In the battle for tourists, Los Angeles is losing ground to rivals Orlando, Fla., New York, and Chicago.
L.A. County has broken its own record for annual visitors three years in a row — thanks to a rebounding economy, sunny California weather and popular tourist attractions.
But L.A.'s tourist numbers are not growing fast enough to keep up with the nation's top three destinations, primarily because the city lacks enough hotel rooms to host more tourists.
"We have an awful lot of things that are in our favor," said Robert Kleinhenz, chief economist at the Los Angeles County Economic Development Corp.
"But one big constraint I've seen in the last several years is that we don't have enough rooms in the vicinity of the convention center."
Kleinhenz and tourist industry officials closely follow visitation numbers for good reason.
Visitors to Los Angeles County booked 26.6 million room nights in 2012, spent about $16.5 billion and supported 324,000 jobs in the region, according to the Los Angeles Tourism & Convention Board.
Tourism has surged nationwide, thanks to a recovering U.S. economy and an influx of middle-class foreign travelers, particularly from China, Brazil, Japan and Australia.
Tourist numbers are rising especially fast in Chicago, New York and Orlando — so fast that those cities have recently revised their tourist forecasts up for the next few years. Tourism leaders in those cities attribute the growth to new efforts to promote their cities abroad, an improving economy, and construction of new hotels to accommodate visitors.
Chicago Mayor Rahm Emanuel recently predicted Chicago would host 55 million annual visitors by 2020, up from a previous forecast of 50 million.
"What we are seeing is that there is a rising tide," said Don Welsh, president and chief executive of Choose Chicago, the city's tourism bureau.
Former New York Mayor Michael Bloomberg has predicted that the city would reach its goal of 55 million visitors in 2014, one year ahead of the city's previous forecast.
For its part, Los Angeles has set a goal of 50 million visitors a year by 2020, said Ernest Wooden Jr., chief executive and president of the Los Angeles Tourism & Convention Board.
Although Los Angeles has enjoyed a minor hotel construction boom in the last few years, Wooden said it is not enough.
In addition to the hotels already under construction or in planning, Los Angeles needs 2,000 to 3,000 hotel rooms within walking distance of the downtown convention center, he said.
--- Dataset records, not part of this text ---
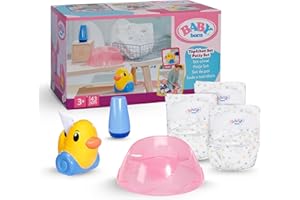 BABY born Set Vasino - Include Pannolini, Barattolo di Crema & Anatra Berta Come Dispenser di Carta - Accessorio per Bambole di Alta qualità - per Bambole da 36 cm & 43 cm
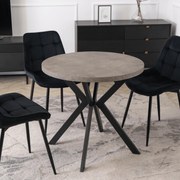 Stół Okrągły Rozkładany DORIAN 80-160 cm Beton/Czarny Nowoczesny Loft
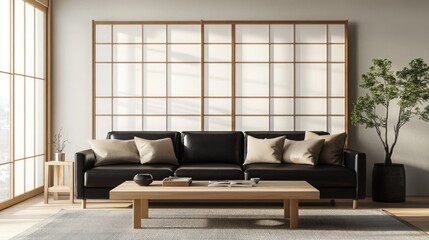 An elegant Japandi living room featuring a black leather sofa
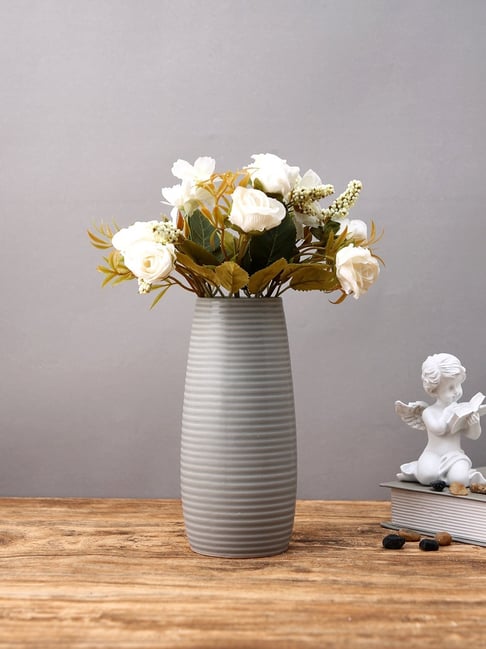 Tayhaa Grey Ceramic Floral Flower Vase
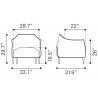 Julian Accent Chair in Gray- Dimension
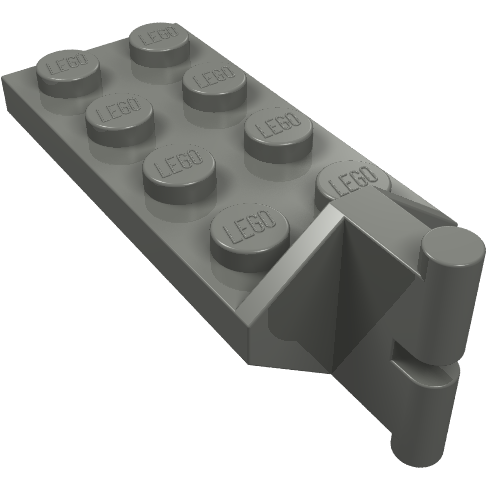 Grey LEGO 3639 Hinge Plate 2x4 with articulated male joint. Top studs embossed with 'LEGO'.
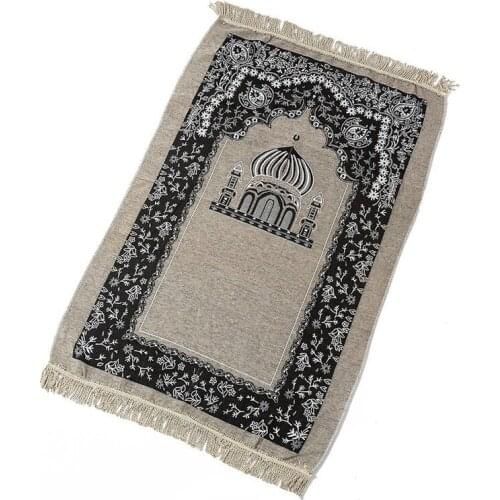 Wholesale 75*110cm Floral Islamic Muslim Prayer Mat Salat Musallah Prayer Rug Tapis Carpet Tapete Banheiro Islamic Praying Mat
"The barrier is having land in downtown that can be used for hotels," Wooden said. "The city is trying to encourage hotel development."
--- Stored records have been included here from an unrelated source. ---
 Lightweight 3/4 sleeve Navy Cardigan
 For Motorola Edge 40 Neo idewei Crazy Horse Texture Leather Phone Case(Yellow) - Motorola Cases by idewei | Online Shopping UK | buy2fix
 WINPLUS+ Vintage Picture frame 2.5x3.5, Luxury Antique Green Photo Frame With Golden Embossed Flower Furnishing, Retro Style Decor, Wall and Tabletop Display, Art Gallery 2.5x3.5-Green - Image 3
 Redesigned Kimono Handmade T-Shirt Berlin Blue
But the Anschutz Entertainment Group, the media giant that manages the convention center and owns Staples Center, said hotels should be cautious about building too fast.
"We are pleased to see over 3,000 new downtown hotel rooms in the pipeline, as continued growth in the supply of hotels is needed to support convention business," said Ted Tanner, AEG's executive vice president for real estate and development. "However, it is important to be mindful of the pace at which new hotels are built, as the risk of a failed project increases if new inventory comes on-line faster than it can be absorbed into the market."
Los Angeles County is home to nearly 97,000 hotel rooms, but only 4,875 are within a mile of the convention center. The rest are in outlying areas like Pasadena, Santa Monica and Long Beach.
By comparison, Orlando has 7,695 rooms within a mile of its Orange County Convention Center, and New York has nearly 30,000 within a mile of the Jacob K. Javits Convention Center, according to those cities. Chicago has 1,539 rooms within a mile of its McCormick Place Convention Center but has 5,024 within two miles.